Aslına dönüyor sanki bazısı. Gözleri çakmak çakmak, Cilalı Taş Devri. Ekranlarda, TV programlarında da rol alıyor. Sahneye çıktığında makyaj, kostüm filan da gereksiz “barbar”a. Olduğu gibi geliyor çoğu.
Adıvar’ın linçe uğrayan mazlum-mağdur prototipinin güncellenmiş bazı örnekleri de masumiyetin portresi değil. Mecazen de olsa öyle bir “güruh”u bugün değişen linçlerin “milli(ci), ulusal(cı) kahramanları” arasında da görüyoruz. Öyle bir hevesi…
Linç girişimi sayılmasa da o kültürle atılan bir yumruğun kurduğu cümle, fiil çekimi belli. O da alkışlanıyor. “Ayıp yahu” demeye bile dili varmıyor bazı toplumsal figürlerin. Susuyor…

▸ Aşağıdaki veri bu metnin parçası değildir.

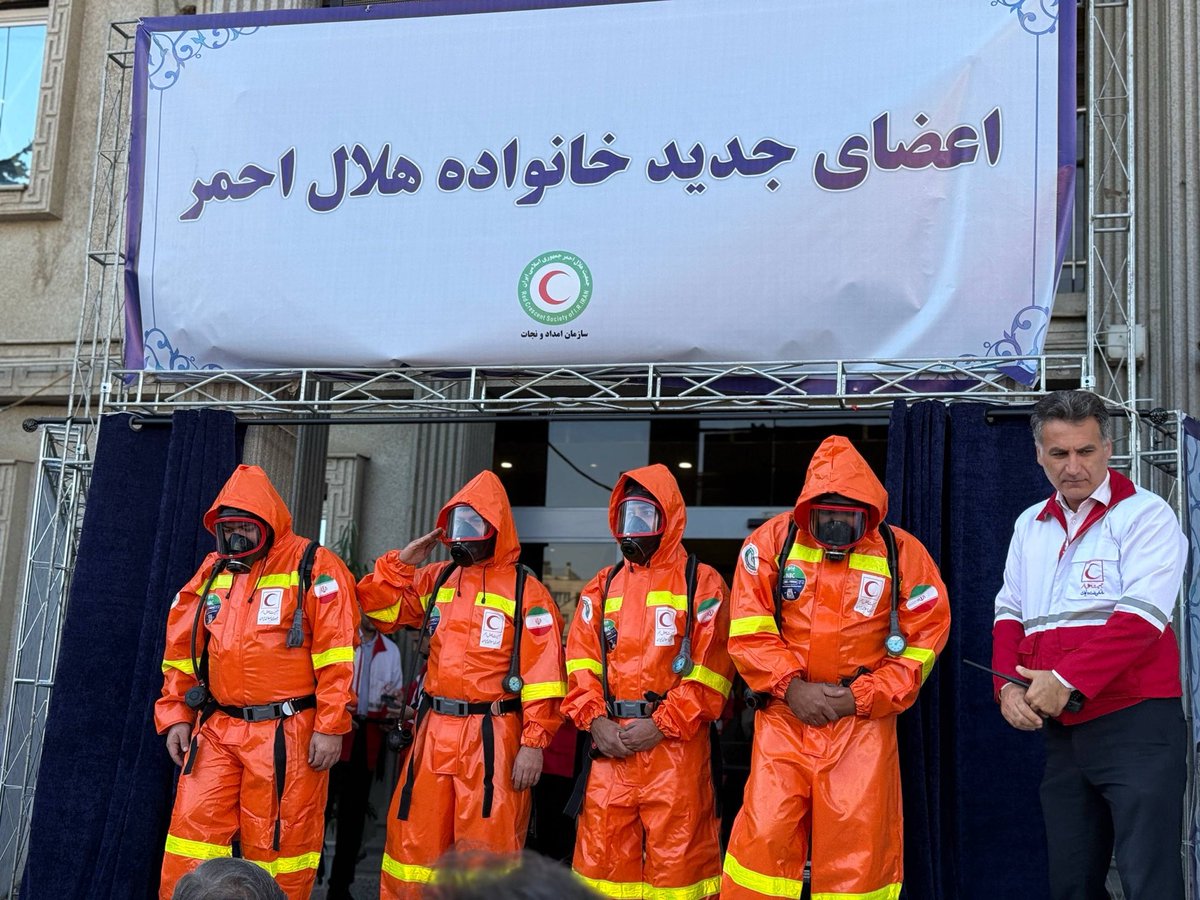 Iranian_RCS's tweet photo. The Iranian Red Crescent Society added new relief vehicles to its relief and rescue fleet today

The ceremony, held at the IRCS Relief and Rescue Organization, was attended by IRCS President Kolivand and Vice President for Executive Affairs and Chief of Staff, Qaempanah. https://t.co/0wDHEpcHOB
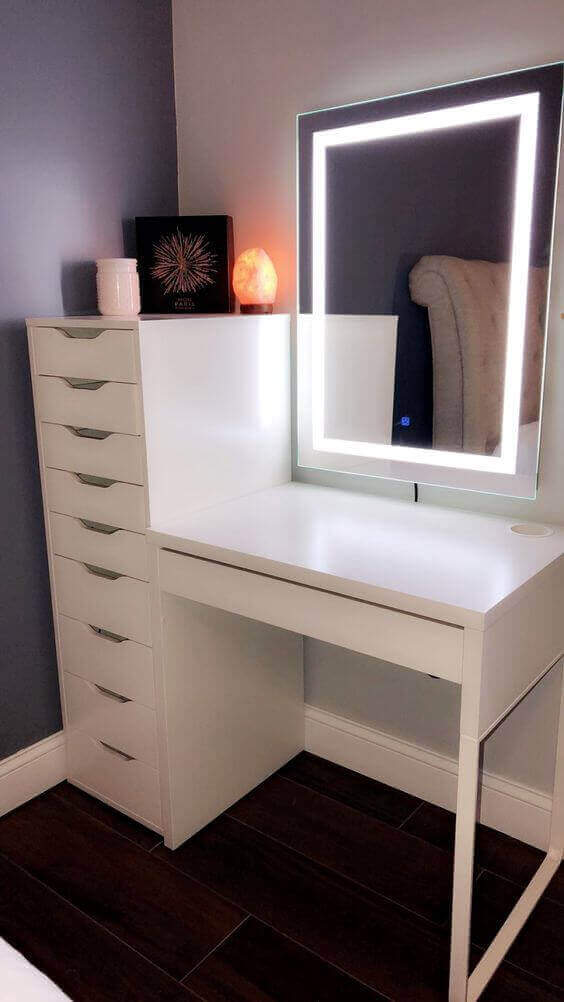 Modern DIY Vanity Mirror with LED Lights - Harptimes.com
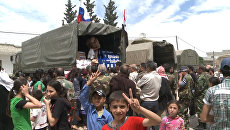 Российские военные раздали пакеты с продовольствием сирийцам в Хаме и Хомсе Российские военные раздали пакеты с продовольствием сирийцам в Хаме и Хомсе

Linçe linç demenin ağırlığı
Lâkin bu meselenin önemli bir yönü daha var. Linç kelimesinin “her yerde, her vesileyle” gündeme getirilmesi… Tanıl Bora “Türkiye’nin Linç Rejimi” kitabında buna da dikkat çekiyor:
“Linç konusunda sanki çok büyük bir duyarlılığın olduğu zehabına kapılmamıza yol açabilecek bir şekilde, her yerde her vesileyle linçten söz ediliyor. Velhasıl, herkes linçten muzdariptir – buna karşılık taşlı sopalı, darplı bir linç vakası olduğunda bunu ‘linç’ olarak kamuoyu gündemine getirmek hiç kolay değildir!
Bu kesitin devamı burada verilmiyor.